I get this error, that suggests torchrun is mapping everything to only one of the two nodes:

======================================================
Environment variables set by the agent on PID 94025:
{'GROUP_RANK': '1',
 'LOCAL_RANK': '3',
 'MASTER_ADDR': 'nid001480',
 'MASTER_PORT': '36327',
 'RANK': '7',
 'SLURMD_NODENAME': 'nid001480',
 'SLURM_JOB_NODELIST': 'nid[001480,001489]',
 'SLURM_NODEID': '0',
 'SLURM_PROCID': '3',
 'WORLD_SIZE': '8'}
======================================================
======================================================
Environment variables set by the agent on PID 94022:
{'GROUP_RANK': '0',
 'LOCAL_RANK': '1',
 'MASTER_ADDR': 'nid001480',
 'MASTER_PORT': '36327',
 'RANK': '1',
 'SLURMD_NODENAME': 'nid001480',
 'SLURM_JOB_NODELIST': 'nid[001480,001489]',
 'SLURM_NODEID': '0',
 'SLURM_PROCID': '2',
 'WORLD_SIZE': '8'}
======================================================


[rank1]: Traceback (most recent call last):
[rank1]:   File "/users/jsmidt/AI/Huggingface/Torchrun/test1/test14/echo.py", line 41, in <module>
[rank1]:     dist.barrier()
[rank1]:   File "/users/jsmidt/.local/lib/python3.10/site-packages/torch/distributed/c10d_logger.py", line 75, in wrapper
[rank1]:     return func(*args, **kwargs)
[rank1]:   File "/users/jsmidt/.local/lib/python3.10/site-packages/torch/distributed/distributed_c10d.py", line 3683, in barrier
[rank1]:     work = default_pg.barrier(opts=opts)
[rank1]: torch.distributed.DistBackendError: NCCL error in: ../torch/csrc/distributed/c10d/ProcessGroupNCCL.cpp:1970, invalid usage (run with NCCL_DEBUG=WARN for details), NCCL version 2.20.5
[rank1]: Last error:
[rank1]: Duplicate GPU detected : rank 1 and rank 5 both on CUDA device 41000
[rank2]: Traceback (most recent call last):
[rank2]:   File "/users/jsmidt/AI/Huggingface/Torchrun/test1/test14/echo.py", line 41, in <module>
...

This is not all the output, but enough to see the error that multiple processes are being mapped to the same GPU, and if you look at all the environment variable blocks like shown you see that all processes went to the same master node even though slurm initiated two nodes.

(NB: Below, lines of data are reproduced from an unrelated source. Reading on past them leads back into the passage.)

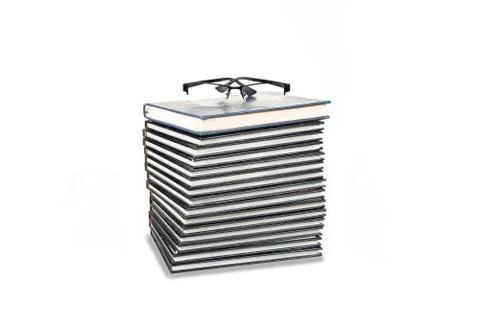 Stack of books with eyeglasses on the white background Stock Photos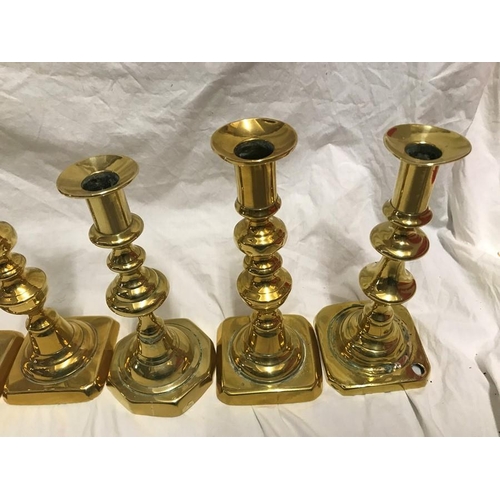 148 - Selection of brass candlesticks. Set of three 20cms h, a pair 15cms h and three singular candlestick... 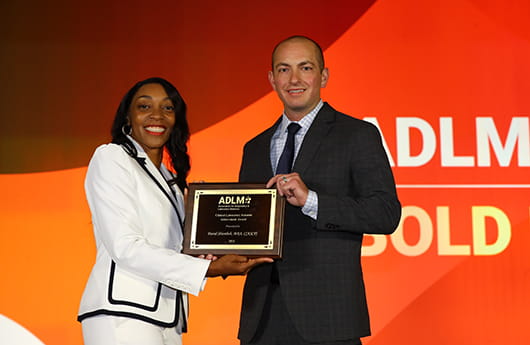 A woman holding up an award while a group of other people look on and smile.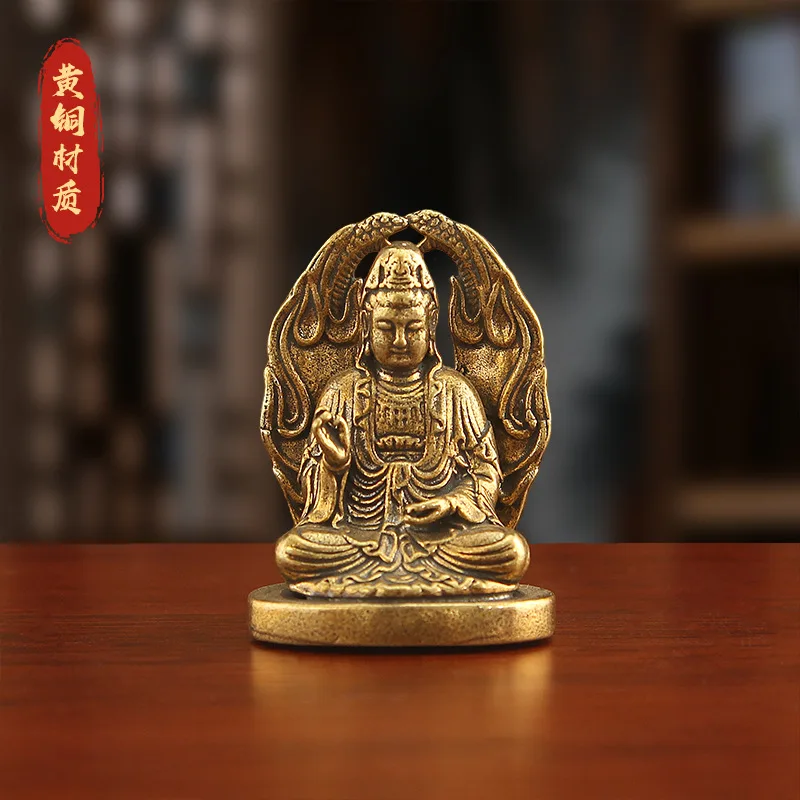 Brass Bodhisattva statue, depicting Guanyin in a meditative pose, with a snake-shaped pedestal and lotus flower ornament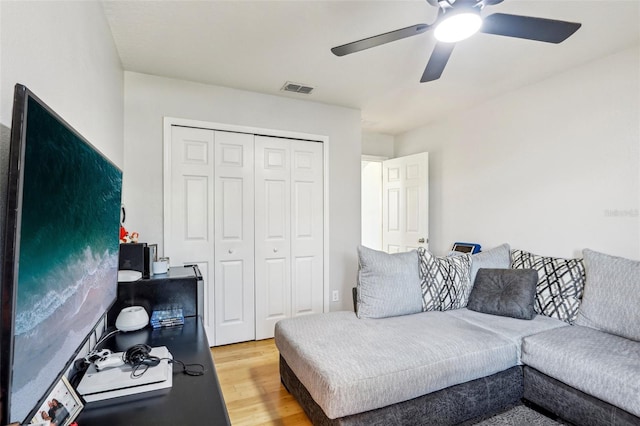 living room with ceiling fan and hardwood / wood-style floors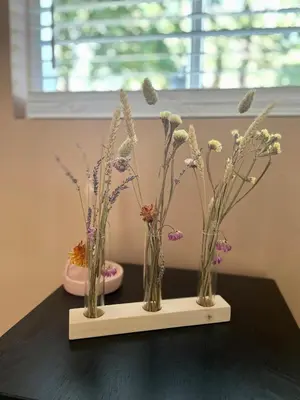 a row of vases filled with flowers on a table at Goditi La Vita in Hem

To make sure it’s not just an issue with the cluster, I tried running this with a vanilla srun command as:

#!/bin/bash

#Submit this script with: sbatch filename
#SBATCH --time=0:20:00   # walltime
#SBATCH --nodes=2   # number of nodes
#SBATCH --ntasks-per-node=4   # number of tasks per node
#SBATCH --job-name=gpt2   # job name
#SBATCH --qos=standard   # qos name
#SBATCH --mem=0


echo "NODELIST="${SLURM_NODELIST}
export MASTER_ADDR=$(scontrol show hostname ${SLURM_NODELIST} | head -n 1)
export MASTER_PORT=7000
export WORLD_SIZE=$(($SLURM_NNODES * $SLURM_NTASKS_PER_NODE))


srun python echo.py

And here we see both nodes are being utilized, for example:

======================================================
Environment variables set by the agent on PID 27883:
{'MASTER_ADDR': 'nid001489',
 'MASTER_PORT': '7000',
 'SLURMD_NODENAME': 'nid001492',
 'SLURM_JOB_NODELIST': 'nid[001489,001492]',
 'SLURM_NODEID': '1',
 'SLURM_PROCID': '7',
 'WORLD_SIZE': '8'}
======================================================

======================================================
Environment variables set by the agent on PID 27882:
{'MASTER_ADDR': 'nid001489',
 'MASTER_PORT': '7000',
 'SLURMD_NODENAME': 'nid001492',
 'SLURM_JOB_NODELIST': 'nid[001489,001492]',
 'SLURM_NODEID': '1',
 'SLURM_PROCID': '6',
 'WORLD_SIZE': '8'}
======================================================

and no further error messages.

Anyone have any idea why torchrun would not utilize both slurm initiated nodes? Thanks!